Wir erreichen die Hafencity, Hamburgs größte Baustelle. Alle paar Meter eine Umleitung, ein Mini-Stau folgt dem anderen. Um nicht steckenzubleiben, muß ich den Winzling oft rangieren, hier hilft der kleine Wendekreis von nicht mal zehn Metern ungemein. Das Kopfsteinpflaster in der Speicherstadt meistert der 107 ruhig und souverän, die geschwindigkeitsabhängige Servolenkung ist leichtgängig, präzise und läßt sich von Fahrbahnunebenheiten nicht beeindrucken.

Am liebsten flitzt der 107 durch die Stadt

Der Verkehrsfunk meldet sich über das CD-Radio (400 Euro). Jetzt wird klar, warum die Kolonnen immer länger werden: Alarm in St. Pauli, eine 500 Pfund schwere Fliegerbombe aus dem zweiten Weltkrieg soll entschärft werden. Evakuierung, Chaos auf den Straßen, doch die Polizei bekommt alles in den Griff. Während der Blindgänger erfolgreich gesichert wird, nehme ich einen Umweg über die Autobahn in Kauf. Der 107 schafft mit langem Anlauf fast 160 km/h, laute Wind- und Motorgeräusche belasten dabei allerdings gehörig die Nerven der Insassen.

Den spärlichen Hubraum des Motors macht der Innenraum wieder wett. Wenn vier Passagiere Platz nehmen, paßt in den Kofferraum immerhin noch eine Sporttasche (139 Liter). Die Rücksitzlehnen lassen sich getrennt umklappen, das vergrößert den Platz auf immerhin 782 Liter. Schade, daß Peugeot beim Fünftürer auf die Easy-Entry-Funktion des Beifahrersitzes verzichtet – das würde der Ladelänge zugute kommen.

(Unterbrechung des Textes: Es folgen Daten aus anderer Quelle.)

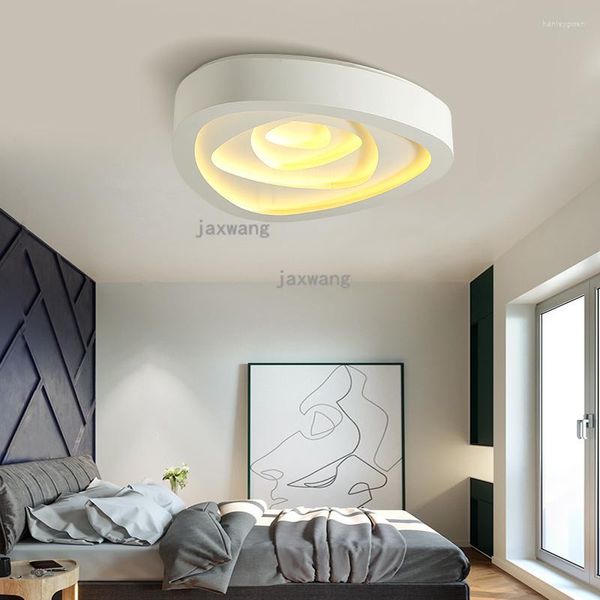 Plafoniere Modern LED Living Room Light Warm Romantic Wedding Master Bedroom Atr Lustre Lampara Techo Lamp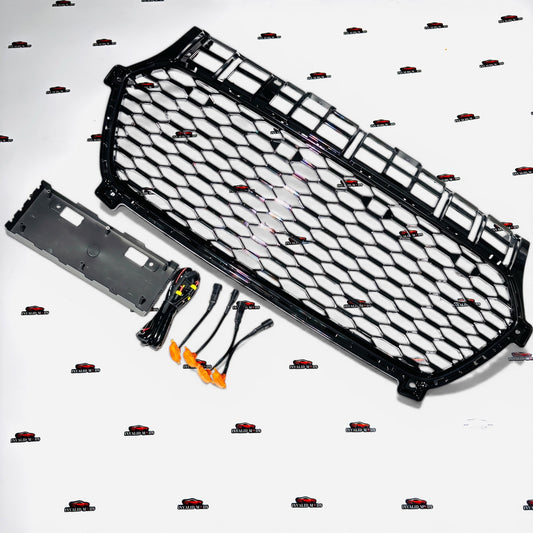 Maruti Suzuki Swift Type 3 Front Grille with LED Lights | Honeycomb Design
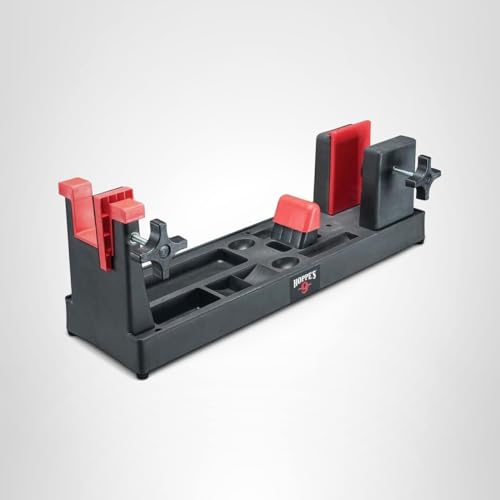 HOPPE'S Gun Vise, Rifle and Shotgun Vise with Front and Rear Locking Supports Grey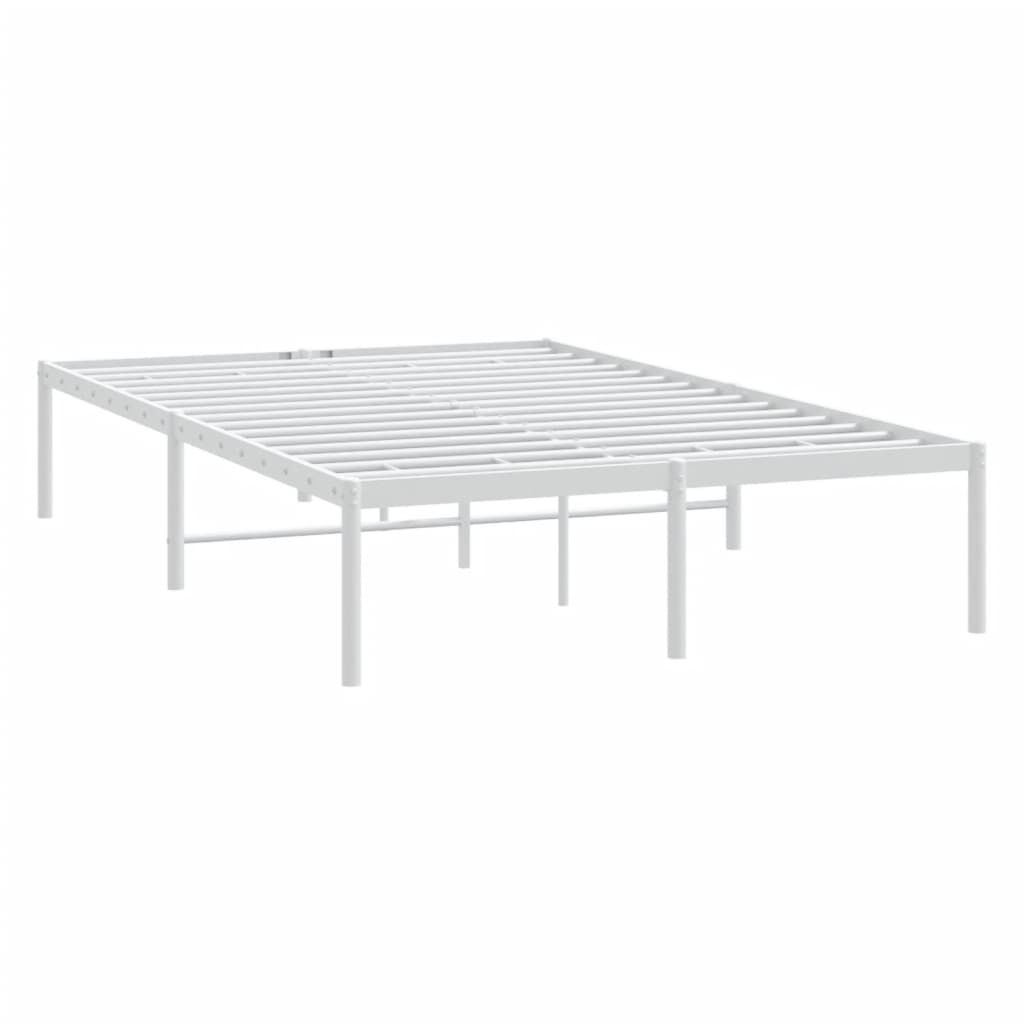 vidaXL Πλαίσιο Κρεβατιού Λευκό 120 x 200 εκ.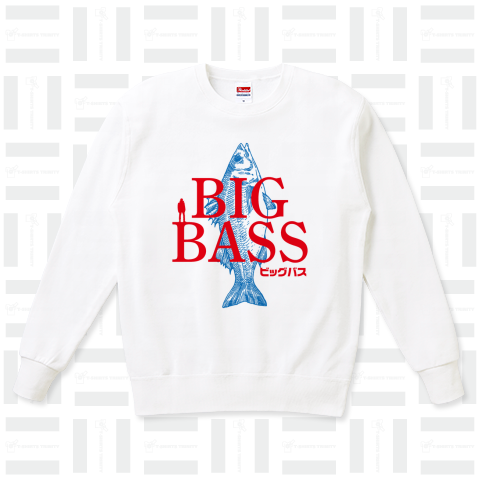 ビッグバス(BIGBASS)【BIGBOSS・パロディー商品・釣りTシャツ】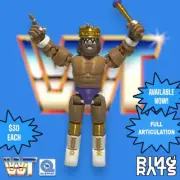 MACHO KING RANDY SAVAGE WT Ring Rats 5” Custom Articulated WWF Hasbro Style WWE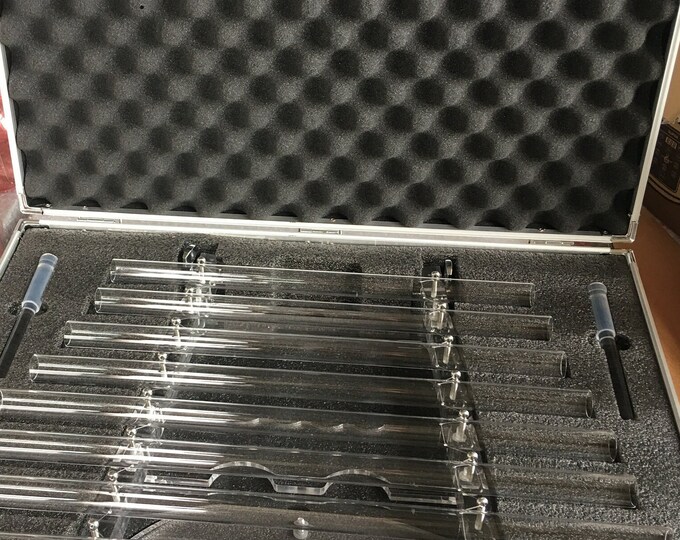 Crystal Harp Tubes, Quartz Xylophone, Quartz Singing Harp, With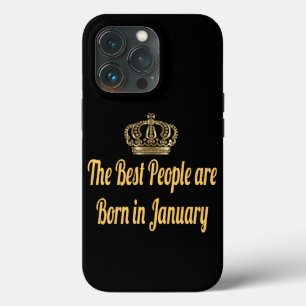 Funda Para iPhone 13 Pro Las Mejores Personas Nacen En Enero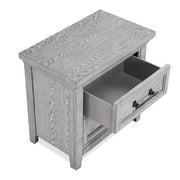Beckett Rustic Gray Footboard Bench Panel Bedroom Set - Lara FurnitureBedroom Set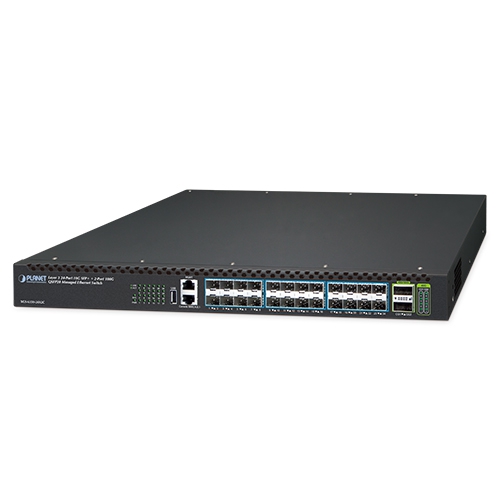 Planet XGS-6350-24X2C 24 x 10G/1G SFP + 2 x 100G/40G QSFP28 L3 100G Enterprise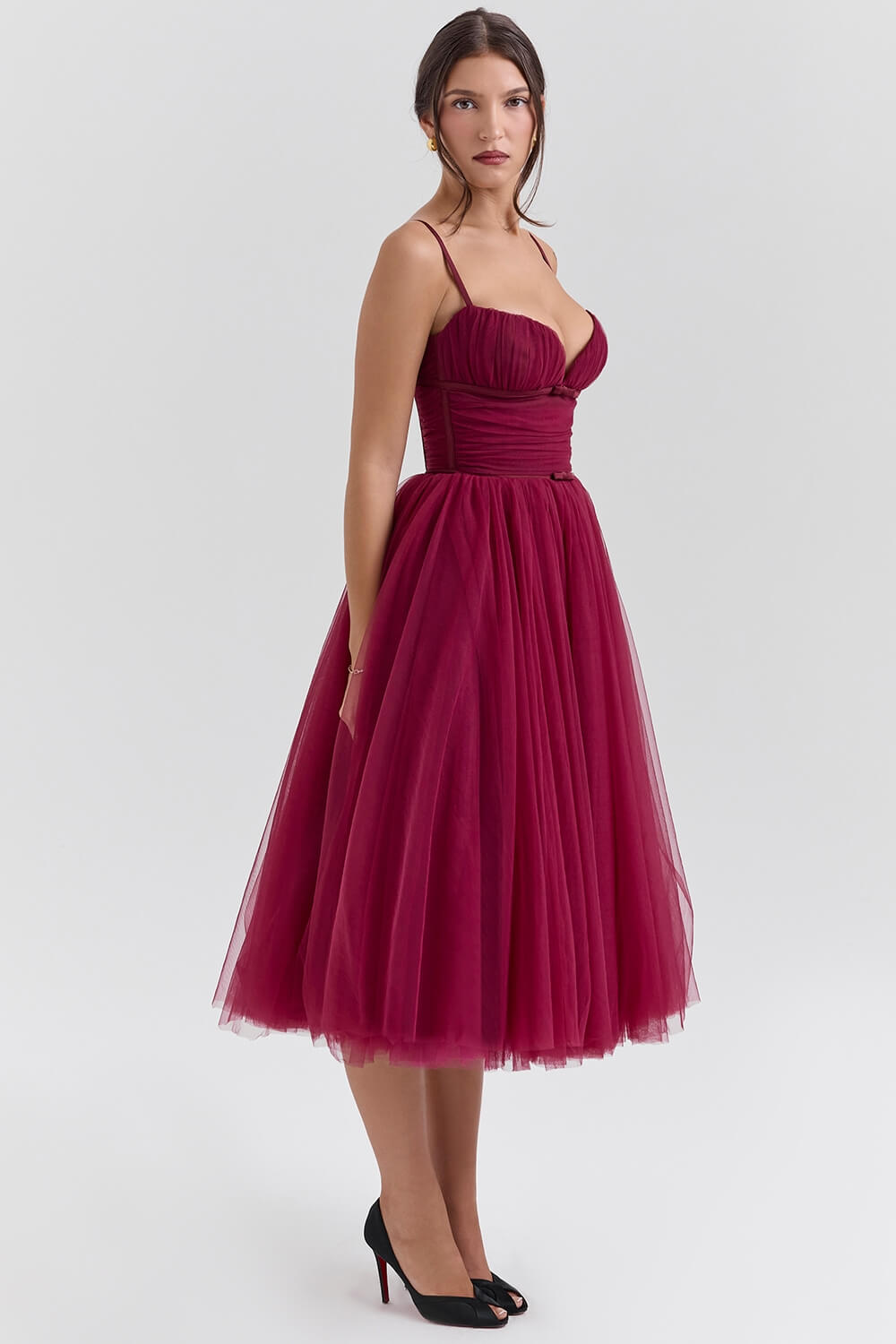 Juliette Rose | Elegant Midi Dress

Mittlerweile dürfte bekannt sein, daß der 107 kein Einzelkind ist. Citroën C1 und Toyota Aygo stehen auf derselben Plattform und verdienten sich ebenfalls lobenswerte vier Sterne beim Euro-NCAP-Crash. Alle drei sind für die Stadt geboren – ob ausgerechnet der 107 nach seiner Premiere am 16. Juli 2005 zum "neuen Boß" befördert wird, werden die Verkaufszahlen zeigen. Doch eigentlich guckt er dafür viel zu niedlich.